Auch Amnesty International nimmt dazu in dem Schreiben vom 25. Juni Stellung und konstatiert zwar einige Fortschritte gemessen an der vorherigen Verfassung, etwa in puncto Frauenrechte, kritisiert jedoch »das Fehlen jeglichen verbindlichen Reformkalenders« und eklatante Mängel besonders bei den Themen Versammlungs- und Meinungsfreiheit. Erst am 22. April war der neue Straftatbestand der »Verbreitung falscher Nachrichten« eingeführt worden, für den drei Jahre Haft verhängt werden können.

Am 13. Juni wurde die Inhaftierung dreier Hirak-Mitglieder, Merzoug Touati, Yanis Adjila und Amar Beri, in der Berbermetropole Béjaïa publik. Sie sollten unter anderem wegen Aufrufs zu unerlaubten Versammlungen und Aufstachelung mit Hilfe von »gegen die nationale Einheit gerichteten Schriften« – dieser Vorwurf trifft regelmäßig Veröffentlichungen zur Berberfrage – in einem Eilverfahren bereits am selben Tag verurteilt werden. Ihr Prozess wurde jedoch auf diese Woche verschoben.

Verurteilt wurde am vorvergangenen Sonntag die seit langem in der Opposition engagierte prominente Gynäkologin Amira Bouraoui. Die 44jährige muss eine einjährige Haftstrafe antreten, weil sie in einem Eilverfahren in sechs Anklagepunkten für schuldig befunden wurde, darunter Präsidentenbeleidigung, Verunglimpfung der Staatsreligion Islam, »Angriff auf die nationale Einheit« und der neue Straftatbestand der »Verbreitung falscher Nachrichten«. Gegen das Urteil wurde Berufung eingelegt, es gilt als ernsthafte Warnung an alle Oppositionellen.

Die wirtschaftliche Situation des extrem von Rohöl- und Erdgasexporten abhängigen Staats droht sich unterdessen immer weiter zu verschlechtern, denn der Ölpreis sank in jüngerer Zeit erheblich. 2014 verfügte die öffentliche Hand in Algerien über umgerechnet 200 Milliarden US-Dollar Devisenreserven, im März dieses Jahres waren es noch über 55 Milliarden.

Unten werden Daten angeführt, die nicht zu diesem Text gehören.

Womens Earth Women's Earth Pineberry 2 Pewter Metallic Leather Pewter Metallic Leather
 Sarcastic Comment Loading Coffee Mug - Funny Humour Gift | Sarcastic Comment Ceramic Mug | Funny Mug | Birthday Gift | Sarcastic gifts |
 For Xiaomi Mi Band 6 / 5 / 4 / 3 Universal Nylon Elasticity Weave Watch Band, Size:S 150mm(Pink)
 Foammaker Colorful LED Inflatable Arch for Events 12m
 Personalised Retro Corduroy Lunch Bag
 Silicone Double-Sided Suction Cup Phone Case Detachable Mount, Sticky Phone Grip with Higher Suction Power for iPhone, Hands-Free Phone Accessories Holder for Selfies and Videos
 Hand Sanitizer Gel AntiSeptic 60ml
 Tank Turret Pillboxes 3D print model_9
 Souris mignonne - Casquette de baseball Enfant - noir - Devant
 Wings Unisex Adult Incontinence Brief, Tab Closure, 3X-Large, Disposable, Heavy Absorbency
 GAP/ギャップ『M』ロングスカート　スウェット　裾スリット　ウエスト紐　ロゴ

Derzeit drohen diese Reserven vollständig aufgezehrt zu werden: Im Staatshaushalt musste der zugrunde gelegte Preis pro Barrel von 45 auf 27 Euro korrigiert werden und für das laufende Jahr wird ein Rückgang der Wirtschaftsleistung um 5,2 Prozent vorausgesagt. Am Dienstag voriger Woche bildete Tebboune seine Regierung um, der Energie- und der ­Finanzminister wurden ausgetauscht. Dies allein dürfte kaum für Abhilfe sorgen.